Note her bandaged hand had been decorated as a dog's face by her boyfriend's father.
This bandage was removed after a few days and replaced with a heavier cast to keep her fingers straight.

There was an additional “problem”. Amy is very pretty and was being very positive (and was on heavy doses of pain killers), so apart from her bandaged arm, no visitor could really see the damage to her heavily bandaged legs and thought that she was stronger than she actually was. Amy enjoyed visitors but the visits really tired her - and I was paranoid about infection. So I had to play gate-keeper and in the end we put up a notice on her door for a week or so saying please no visitors.

No two burn wounds are ever alike and the surgeon has to assess the wounds every time he does a dressing change. There is a window for optimal grafting success and the surgeon has to balance between waiting to see how much healing will happen spontaneously and not waiting too long to graft.

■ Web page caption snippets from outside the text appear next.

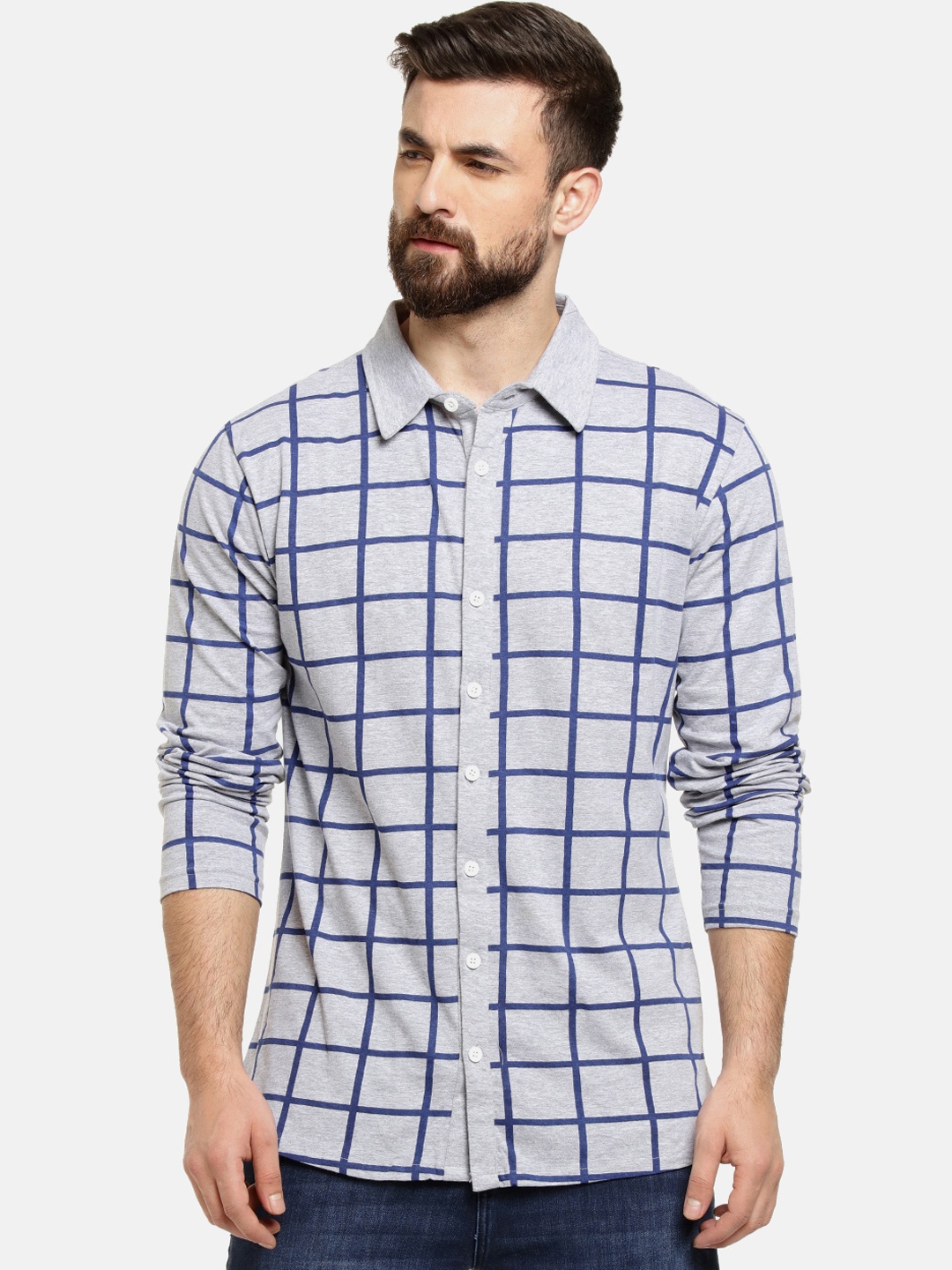 

Campus Sutra Men Grey & Blue Regular Fit Checked Casual Shirt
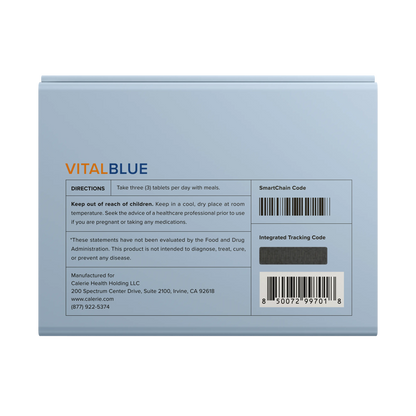 CalerieLife VitalBlue 複合維生素礦物質包裝盒背面圖及服用說明條碼標籤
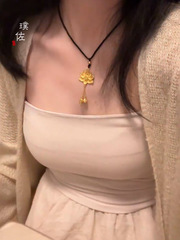 金店同款高檔久不掉色蓮花兩世歡吊墜項鍊毛衣鏈diy配件荷花女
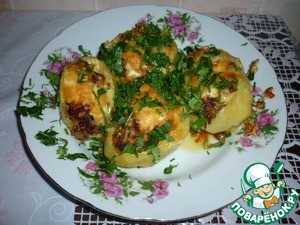 Картофельные лодочки в духовке начинка с фаршем рецепт с фото пошагово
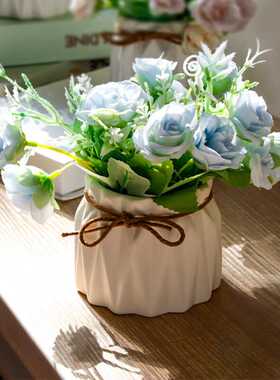 盛世泰堡仿真花假花盆栽花束绢花装饰花艺餐厅玄关客厅摆件小清新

Finally, the surgeon announced that he would have to do some grafting. We all knew that this would be the case, yet when actually faced with the prospect – and seeing his photos of her legs, which was the first time that I had seen what they looked like since she went into hospital – I became nauseous and felt like collapsing again. On hearing that she needed grafts, Amy cried for the first time since being in hospital. Having said that, we were all grateful that she was in a position to be able to have grafts!

Amy was also extremely lucky that although she has had grafts above and below the back of her right knee joint, the skin in the fold of the knee was still intact, and so she has no joint mobility problems from having a single graft over the back of the knee.

Fortunately as well, the upper thigh of one leg still had some original skin on it and this became the graft donor site. Of course this necessarily created two new wounds.

Because of the positions of the grafts and because the first five days are critical to the grafts taking, Amy had to be completely immobilised in bed with her leg in a splint for five days.

Finally, Amy was allowed to go home – but that was by no means the end of it!